Source Code, a sci-fi thriller released last week, is based on the premise that science will let people really get into each other’s heads. The eponymous technology, the trailer tells us, is a computer program that “enables you to cross over into another man’s identity.” What results is a scenario that’s part Matrix, part Groundhog Day: lugged into the Source Code program, Jake Gyllenhaal—er, Captain Colter Stevens—lives through the last eight minutes of another man’s consciousness, just before the man’s train was blown up in a terrorist attack, in an effort to identify the bomber. (Stevens’s body, like Neo’s, stays in one place while his mind is elsewhere.) When the first run-through fails to turn up a culprit, Stevens relives those eight minutes again and again, having a different experience—new conversations, new sensations—each time.

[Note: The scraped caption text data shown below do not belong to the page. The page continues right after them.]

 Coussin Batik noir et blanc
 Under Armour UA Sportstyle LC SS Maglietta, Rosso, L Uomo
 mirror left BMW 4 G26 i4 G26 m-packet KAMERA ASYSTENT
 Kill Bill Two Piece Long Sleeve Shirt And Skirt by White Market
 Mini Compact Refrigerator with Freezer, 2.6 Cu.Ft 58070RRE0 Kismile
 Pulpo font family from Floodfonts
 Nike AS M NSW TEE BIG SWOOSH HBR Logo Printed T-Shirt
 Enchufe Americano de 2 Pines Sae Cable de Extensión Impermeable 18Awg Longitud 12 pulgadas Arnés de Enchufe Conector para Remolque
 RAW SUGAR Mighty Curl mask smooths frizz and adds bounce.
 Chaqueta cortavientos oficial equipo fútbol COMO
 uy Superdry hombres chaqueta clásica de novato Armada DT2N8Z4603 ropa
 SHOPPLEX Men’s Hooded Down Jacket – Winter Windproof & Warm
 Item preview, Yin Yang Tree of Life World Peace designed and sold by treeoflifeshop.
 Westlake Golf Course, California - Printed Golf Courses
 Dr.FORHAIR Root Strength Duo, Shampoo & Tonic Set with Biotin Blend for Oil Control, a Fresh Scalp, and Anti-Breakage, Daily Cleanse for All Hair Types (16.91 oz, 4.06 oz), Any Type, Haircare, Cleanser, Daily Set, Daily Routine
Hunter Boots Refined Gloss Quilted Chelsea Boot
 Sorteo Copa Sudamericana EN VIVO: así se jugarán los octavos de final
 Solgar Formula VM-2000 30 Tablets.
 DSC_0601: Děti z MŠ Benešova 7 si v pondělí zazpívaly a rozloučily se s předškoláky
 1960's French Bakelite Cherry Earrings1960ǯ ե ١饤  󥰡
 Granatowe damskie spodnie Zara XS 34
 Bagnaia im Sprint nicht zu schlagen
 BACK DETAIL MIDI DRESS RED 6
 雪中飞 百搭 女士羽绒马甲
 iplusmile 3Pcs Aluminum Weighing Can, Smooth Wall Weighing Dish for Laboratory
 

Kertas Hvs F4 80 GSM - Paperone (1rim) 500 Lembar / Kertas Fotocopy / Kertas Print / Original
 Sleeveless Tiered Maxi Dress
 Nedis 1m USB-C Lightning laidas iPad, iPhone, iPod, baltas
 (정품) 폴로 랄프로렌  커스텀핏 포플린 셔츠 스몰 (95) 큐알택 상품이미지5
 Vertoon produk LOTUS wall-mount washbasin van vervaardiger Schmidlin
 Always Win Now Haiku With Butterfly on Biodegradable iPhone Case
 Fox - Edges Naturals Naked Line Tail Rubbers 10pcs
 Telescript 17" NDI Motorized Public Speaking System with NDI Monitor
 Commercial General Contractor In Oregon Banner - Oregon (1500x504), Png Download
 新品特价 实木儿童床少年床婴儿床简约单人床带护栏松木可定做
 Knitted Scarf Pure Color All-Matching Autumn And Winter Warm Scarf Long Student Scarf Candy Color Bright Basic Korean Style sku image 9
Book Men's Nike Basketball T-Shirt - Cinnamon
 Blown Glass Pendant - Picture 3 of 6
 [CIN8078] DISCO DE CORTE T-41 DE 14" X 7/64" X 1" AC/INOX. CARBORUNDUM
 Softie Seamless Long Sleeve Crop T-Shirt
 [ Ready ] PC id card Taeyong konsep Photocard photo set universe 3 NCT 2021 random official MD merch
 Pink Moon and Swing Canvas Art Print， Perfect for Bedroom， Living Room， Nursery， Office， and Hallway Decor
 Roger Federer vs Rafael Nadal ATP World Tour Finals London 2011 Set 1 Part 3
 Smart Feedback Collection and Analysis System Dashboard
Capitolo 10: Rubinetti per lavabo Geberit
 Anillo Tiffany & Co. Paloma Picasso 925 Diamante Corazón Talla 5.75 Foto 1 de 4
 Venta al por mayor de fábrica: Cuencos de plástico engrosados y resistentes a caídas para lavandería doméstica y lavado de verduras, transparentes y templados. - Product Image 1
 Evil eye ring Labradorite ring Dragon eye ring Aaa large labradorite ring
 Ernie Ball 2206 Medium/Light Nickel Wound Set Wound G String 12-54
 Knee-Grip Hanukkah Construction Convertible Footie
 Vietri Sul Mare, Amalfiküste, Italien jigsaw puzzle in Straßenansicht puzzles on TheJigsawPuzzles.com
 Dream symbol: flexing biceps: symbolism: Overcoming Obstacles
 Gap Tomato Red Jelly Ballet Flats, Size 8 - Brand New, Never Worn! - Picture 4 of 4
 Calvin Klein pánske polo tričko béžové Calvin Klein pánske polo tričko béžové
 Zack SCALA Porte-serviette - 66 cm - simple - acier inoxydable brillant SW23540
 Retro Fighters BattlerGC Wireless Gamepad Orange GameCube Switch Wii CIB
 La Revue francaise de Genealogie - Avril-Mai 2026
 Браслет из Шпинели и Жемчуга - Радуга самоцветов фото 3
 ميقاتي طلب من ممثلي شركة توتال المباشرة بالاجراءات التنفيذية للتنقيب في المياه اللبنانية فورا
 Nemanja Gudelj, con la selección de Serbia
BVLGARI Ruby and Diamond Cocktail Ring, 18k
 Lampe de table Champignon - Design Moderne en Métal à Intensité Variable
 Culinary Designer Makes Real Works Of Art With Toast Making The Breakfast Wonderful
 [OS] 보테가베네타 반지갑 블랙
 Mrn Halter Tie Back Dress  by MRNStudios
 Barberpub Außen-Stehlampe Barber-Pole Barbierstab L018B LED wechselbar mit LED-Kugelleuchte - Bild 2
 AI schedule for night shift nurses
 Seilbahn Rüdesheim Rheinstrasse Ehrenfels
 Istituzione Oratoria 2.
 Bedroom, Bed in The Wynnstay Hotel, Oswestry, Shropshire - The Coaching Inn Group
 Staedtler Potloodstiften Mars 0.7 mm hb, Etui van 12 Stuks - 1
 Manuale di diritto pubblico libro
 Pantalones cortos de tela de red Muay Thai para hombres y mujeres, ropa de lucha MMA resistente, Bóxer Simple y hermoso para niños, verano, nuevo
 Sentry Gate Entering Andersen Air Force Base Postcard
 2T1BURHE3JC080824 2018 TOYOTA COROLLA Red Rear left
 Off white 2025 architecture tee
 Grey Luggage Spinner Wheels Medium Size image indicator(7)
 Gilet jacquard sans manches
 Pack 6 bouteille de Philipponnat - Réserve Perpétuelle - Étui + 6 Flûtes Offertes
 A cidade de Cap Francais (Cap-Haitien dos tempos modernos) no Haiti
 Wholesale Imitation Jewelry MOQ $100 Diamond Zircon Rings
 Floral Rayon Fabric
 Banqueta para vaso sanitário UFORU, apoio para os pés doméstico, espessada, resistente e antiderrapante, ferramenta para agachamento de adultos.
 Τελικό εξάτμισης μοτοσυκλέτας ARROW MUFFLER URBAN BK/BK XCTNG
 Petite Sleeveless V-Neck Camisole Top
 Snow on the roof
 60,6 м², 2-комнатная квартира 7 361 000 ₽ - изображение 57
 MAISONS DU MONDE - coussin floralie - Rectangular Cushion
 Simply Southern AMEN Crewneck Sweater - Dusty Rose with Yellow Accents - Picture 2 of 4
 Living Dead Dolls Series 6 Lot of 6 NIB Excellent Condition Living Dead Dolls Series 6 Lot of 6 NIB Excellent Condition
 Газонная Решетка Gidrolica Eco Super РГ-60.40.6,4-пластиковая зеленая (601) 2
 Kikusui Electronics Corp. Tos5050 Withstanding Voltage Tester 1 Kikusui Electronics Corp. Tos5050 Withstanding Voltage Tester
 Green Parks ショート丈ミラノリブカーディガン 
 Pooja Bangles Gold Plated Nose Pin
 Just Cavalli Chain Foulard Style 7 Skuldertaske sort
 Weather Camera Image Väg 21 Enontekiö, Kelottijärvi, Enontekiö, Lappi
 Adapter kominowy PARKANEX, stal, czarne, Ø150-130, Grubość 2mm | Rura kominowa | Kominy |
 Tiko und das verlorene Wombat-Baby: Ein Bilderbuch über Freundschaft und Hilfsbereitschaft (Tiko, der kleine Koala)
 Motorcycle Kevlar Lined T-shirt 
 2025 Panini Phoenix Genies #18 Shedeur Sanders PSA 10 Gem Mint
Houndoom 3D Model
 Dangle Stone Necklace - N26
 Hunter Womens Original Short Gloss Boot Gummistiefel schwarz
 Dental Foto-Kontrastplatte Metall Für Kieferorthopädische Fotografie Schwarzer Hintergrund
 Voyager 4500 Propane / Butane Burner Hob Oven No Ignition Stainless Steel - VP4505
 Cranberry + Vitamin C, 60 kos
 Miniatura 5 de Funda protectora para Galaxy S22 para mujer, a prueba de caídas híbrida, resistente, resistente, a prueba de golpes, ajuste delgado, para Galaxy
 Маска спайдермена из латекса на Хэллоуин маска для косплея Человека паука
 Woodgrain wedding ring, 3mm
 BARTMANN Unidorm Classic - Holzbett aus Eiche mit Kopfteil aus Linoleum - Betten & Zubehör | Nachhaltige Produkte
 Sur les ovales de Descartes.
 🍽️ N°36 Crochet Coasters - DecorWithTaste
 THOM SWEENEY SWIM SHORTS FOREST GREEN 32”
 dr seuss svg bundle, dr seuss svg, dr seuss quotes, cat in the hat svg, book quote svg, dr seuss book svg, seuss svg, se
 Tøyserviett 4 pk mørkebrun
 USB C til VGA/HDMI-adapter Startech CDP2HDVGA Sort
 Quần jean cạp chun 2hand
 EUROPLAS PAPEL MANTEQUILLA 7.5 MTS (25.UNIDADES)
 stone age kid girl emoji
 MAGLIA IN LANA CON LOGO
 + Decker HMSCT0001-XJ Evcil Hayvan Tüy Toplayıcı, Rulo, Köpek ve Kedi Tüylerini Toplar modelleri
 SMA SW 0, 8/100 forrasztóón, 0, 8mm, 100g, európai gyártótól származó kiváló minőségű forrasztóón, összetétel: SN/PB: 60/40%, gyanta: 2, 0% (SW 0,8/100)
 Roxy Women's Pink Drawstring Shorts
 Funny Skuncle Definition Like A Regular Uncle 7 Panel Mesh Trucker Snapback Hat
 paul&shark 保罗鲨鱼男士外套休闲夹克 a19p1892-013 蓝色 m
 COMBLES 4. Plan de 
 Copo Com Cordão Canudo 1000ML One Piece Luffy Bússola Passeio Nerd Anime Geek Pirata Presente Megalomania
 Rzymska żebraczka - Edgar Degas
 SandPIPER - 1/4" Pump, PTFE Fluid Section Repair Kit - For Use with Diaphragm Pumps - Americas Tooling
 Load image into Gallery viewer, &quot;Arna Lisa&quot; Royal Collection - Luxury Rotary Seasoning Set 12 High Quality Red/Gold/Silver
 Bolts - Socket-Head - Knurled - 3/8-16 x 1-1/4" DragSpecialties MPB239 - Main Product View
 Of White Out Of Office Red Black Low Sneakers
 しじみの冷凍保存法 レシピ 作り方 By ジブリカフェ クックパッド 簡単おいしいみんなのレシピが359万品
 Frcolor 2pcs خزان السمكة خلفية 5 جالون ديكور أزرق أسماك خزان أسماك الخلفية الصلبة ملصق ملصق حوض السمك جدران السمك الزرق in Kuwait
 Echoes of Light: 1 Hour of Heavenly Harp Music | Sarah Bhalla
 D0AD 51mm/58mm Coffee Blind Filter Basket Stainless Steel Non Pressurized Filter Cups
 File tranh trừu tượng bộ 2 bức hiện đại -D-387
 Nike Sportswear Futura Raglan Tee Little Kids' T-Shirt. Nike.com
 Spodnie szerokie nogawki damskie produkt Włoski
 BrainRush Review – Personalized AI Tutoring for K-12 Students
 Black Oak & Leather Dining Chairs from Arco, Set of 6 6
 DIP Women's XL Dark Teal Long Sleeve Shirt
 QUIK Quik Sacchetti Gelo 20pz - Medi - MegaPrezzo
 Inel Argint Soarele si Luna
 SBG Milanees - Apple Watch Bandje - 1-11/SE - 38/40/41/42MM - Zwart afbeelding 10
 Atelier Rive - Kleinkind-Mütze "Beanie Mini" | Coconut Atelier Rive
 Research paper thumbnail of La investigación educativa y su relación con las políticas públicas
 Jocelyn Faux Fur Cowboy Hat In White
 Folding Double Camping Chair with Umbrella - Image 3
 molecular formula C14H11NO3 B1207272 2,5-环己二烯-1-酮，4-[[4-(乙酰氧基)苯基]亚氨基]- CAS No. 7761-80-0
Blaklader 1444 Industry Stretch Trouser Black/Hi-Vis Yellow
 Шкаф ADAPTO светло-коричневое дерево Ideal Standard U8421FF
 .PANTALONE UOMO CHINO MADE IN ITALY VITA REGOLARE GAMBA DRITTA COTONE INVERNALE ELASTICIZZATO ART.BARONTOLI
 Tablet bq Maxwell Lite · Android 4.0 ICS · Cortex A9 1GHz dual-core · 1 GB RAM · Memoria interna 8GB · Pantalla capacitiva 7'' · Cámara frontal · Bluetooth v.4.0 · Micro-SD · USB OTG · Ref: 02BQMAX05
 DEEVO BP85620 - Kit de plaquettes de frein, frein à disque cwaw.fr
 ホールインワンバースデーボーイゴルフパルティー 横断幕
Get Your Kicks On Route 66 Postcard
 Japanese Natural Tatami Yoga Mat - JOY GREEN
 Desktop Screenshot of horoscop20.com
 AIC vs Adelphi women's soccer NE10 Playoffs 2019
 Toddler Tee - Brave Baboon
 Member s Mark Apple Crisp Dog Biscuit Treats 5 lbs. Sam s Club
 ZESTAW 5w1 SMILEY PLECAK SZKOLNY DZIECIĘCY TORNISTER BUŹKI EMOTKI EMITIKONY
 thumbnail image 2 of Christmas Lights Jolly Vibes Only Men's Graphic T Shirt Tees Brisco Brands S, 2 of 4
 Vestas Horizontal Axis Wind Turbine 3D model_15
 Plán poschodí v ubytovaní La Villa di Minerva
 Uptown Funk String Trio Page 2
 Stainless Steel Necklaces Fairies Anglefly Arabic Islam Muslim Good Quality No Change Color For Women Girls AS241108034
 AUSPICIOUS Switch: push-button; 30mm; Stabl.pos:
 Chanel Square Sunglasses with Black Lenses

Could something like that ever happen? While much of the technology in Source Code will remain purely fiction, says University of Arizona neuroscientist and electrical engineer Charles Higgins, modern science may eventually let us take a peek at, and even play around with, someone else’s consciousness. Among the movie’s technological inventions, Higgins says, “the idea of monitoring and influencing consciousness with a physical neural interface is the most plausible.”
These things always start small: First someone programs a computer to read minds, and next thing you know it’ll be Eternal Sunshine of the Spotless Mind, and we’ll all be erasing unpleasant memories.
And how long a step can it be from there to the trippy I’m-in-your-mind sequences from The Cell, or even, dare I say it, The Matrix itself? And the mind-reading computer that starts it all? We’re getting there.